When I was a child, my mother read me a book called Linnea in Monet’s Garden. In it, our young protagonist can’t quite understand what the big deal is with Monet’s work. “It just looks like a bunch of messy brush strokes!” she says. Her mentor (grandfather?) tells her to take a step backwards. Only then can she see the whole painting, and she gains an appreciation for Monet’s incredible talent.
Even as a child, I could see the allegorical potential of Linnea’s lesson. If we’re too close, we can’t see the big picture. We can only see the individual brushstrokes that make up individual moments. But those moments—messy as they often are—are all part the perfect painting of our lives. Only when we take a step back can we see what God sees: each brushstroke in its place, each detail just so, each leaf and ripple and water lily exactly where the Master Painter needs it to be to create the masterpiece He knows He can make of us.
So this Thanksgiving, I’m grateful for those brushstrokes, the good and the bad. I’m grateful for the divine push I received to go into business for myself, even though it was terrifying. I’m grateful for the clients that have been placed in my path, and for the vibrant new friendships that has brought into my life. I’m grateful that Brett’s new job gives him time for school, allows him to worship with me more regularly, and provides excellent benefits for both of us. I’m grateful for our comfortable home, and for heaters and blankets to keep us cozy as the weather turns chilly. I’m grateful that we had a container garden on the back deck this summer, and that even though it did not thrive, the Lord blessed us with plenty of food and the promise of a better garden next year. I’m grateful for a loving family—both my biological family and my in-laws. I’m grateful for the opportunity to feel the pinch of paying tithing when we didn’t know how we’d pay for rent, and for seeing the windows of Heaven open so very, very wide to pour out blessings that we literally didn’t have room for. I’m grateful for a park that’s close enough for me to walk to, so that even while we only have one working vehicle, I can still get outside and enjoy nature. I’m grateful for anonymous friends who leave 15lb turkeys on our front step. I’m grateful for a $65 washing machine and a $55 dryer that don’t match or even fit in our W/D closet but get our clothes clean anyways. I’m grateful for good neighbors, for stray cats who befriend me in the parking lot, and for the pot bellied pigs across the street. I’m grateful for a bed that’s too small for two people because it means I get to snuggle extra close to my dearest.

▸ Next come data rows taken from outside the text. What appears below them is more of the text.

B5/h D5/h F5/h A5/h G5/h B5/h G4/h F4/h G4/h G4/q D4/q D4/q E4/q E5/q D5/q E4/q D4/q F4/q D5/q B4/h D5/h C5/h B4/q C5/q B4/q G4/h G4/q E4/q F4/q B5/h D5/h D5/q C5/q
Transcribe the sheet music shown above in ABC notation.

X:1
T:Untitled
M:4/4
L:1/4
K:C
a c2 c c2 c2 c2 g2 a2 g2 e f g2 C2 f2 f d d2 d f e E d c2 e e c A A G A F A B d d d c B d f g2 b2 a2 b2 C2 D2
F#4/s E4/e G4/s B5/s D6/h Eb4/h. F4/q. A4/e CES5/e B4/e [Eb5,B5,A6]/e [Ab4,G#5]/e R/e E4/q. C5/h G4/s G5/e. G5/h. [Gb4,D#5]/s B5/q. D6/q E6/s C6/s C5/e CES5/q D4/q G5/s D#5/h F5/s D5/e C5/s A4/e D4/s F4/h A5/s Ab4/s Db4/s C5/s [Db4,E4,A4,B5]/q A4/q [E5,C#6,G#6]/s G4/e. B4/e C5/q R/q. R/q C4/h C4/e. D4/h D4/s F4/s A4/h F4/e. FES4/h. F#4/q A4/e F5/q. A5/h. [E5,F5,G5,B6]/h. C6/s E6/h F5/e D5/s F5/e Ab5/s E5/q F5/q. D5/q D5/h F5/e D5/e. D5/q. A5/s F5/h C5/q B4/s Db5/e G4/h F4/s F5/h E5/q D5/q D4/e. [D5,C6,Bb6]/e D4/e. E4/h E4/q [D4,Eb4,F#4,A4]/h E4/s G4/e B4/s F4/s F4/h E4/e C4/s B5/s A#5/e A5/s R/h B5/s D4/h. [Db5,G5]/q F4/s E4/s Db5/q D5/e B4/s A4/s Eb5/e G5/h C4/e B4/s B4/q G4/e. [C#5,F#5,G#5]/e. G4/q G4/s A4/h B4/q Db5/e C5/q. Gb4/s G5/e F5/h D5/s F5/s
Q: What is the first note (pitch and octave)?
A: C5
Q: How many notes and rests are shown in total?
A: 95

And I’m grateful for my husband, who is the most perfect brush stroke ever painted on my canvas.
I know that longed-for blessing will come, one way or another. Maybe the daubs of paint don’t look like much to my mortal eyes just yet, but I know that He who holds the paint brush knows what He’s doing, and that this spot where I sit right now is perfect because He made it just for me.
And that’s something to be grateful for, indeed.
- Take ten minutes to write down as many things as you can think of to be grateful for. Write for the full ten minutes. If you run out of obvious choices, think about how current challenges might be turned into benefits.
- Write a thank you note to someone who has made a difference in your life.
- As you interact with people, think of genuine ways to thank them. Don't forget to thank retail staff, family members, coworkers, etc.
- Leave a treat in your mailbox or on your front step to thank delivery drivers for working extra hard during the holidays.
- Give back to your community by finding a service opportunity on justserve.org.